Canadian researchers have identified unexpected drug activities by probing biochemical pathways inside living cells.

’It is a different way of doing things,’ said team member Stephen Michnick at the University of Montreal. ’This is the first report of the strategy performed on this scale,’ he told Chemistry World.

Patterns of gene expression are currently used to predict drug activity, and can provide hypotheses about the cellular mechanisms of drug responses. But changes in mRNA expression do not always correlate with the level or activity of corresponding proteins, says Michnick, and the complexity of gene regulation can obscure the mechanisms of action of drugs within biochemical pathways.

Michnick and colleagues screened over 100 drugs covering six therapeutic areas. They used the proteomics technique of high-content protein-fragment complementation assay (PCA), which measures protein-protein interactions in biological systems. The assays incorporate a fluorescent protein that enables measurement of the spatial and temporal changes of protein interactions.

The strategy turned up some unexpected anticancer activities of drugs developed for other disorders. For example, said Michnick, the antidepressant, sertraline. 

Sertraline-107

Sertraline: (1S)-cis-4-(3,4-dichlorophenyl)-1,2,3,4-tetrahydro-N-methyl-1-naphthalenamine hydrochloride

’This was a bit of a surprise, we didn’t really set out to demonstrate this but early results were suggestive and follow up revealed that the screen was predicting drugs that could have anti-growth activity against some cancer cells,’ said Michnick, adding that this is a long way from proving that these drugs would be effective anticancer drugs.
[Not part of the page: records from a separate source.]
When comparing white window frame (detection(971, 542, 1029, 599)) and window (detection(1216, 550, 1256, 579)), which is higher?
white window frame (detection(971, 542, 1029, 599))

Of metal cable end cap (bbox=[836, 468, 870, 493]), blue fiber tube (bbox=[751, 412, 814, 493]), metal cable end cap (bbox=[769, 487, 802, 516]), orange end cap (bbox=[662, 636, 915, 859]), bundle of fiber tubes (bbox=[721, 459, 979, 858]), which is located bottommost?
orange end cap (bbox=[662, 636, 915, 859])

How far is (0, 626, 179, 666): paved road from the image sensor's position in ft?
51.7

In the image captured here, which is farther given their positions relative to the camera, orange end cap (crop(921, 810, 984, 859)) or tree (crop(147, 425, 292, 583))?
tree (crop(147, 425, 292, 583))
Biotechnologist George Miklos, founder and director of the Australian biomedical advisory service Secure Genetics, has previously highlighted drawbacks of analysing microarray-based gene expression data. The problem, he says, is separating genes causally involved in a disease from innocent bystander genes, whose expression levels have been secondarily altered by primary changes elsewhere. Miklos told Chemistry World that Michnick’s paper made for ’very interesting reading.’

The work was performed at Odyssey Thera, a biotech firm in California, US that was spun out of Michnick’s lab in Montreal. ’Odyssey are actively using this approach for pharmaceutical company partners,’ said Michnick.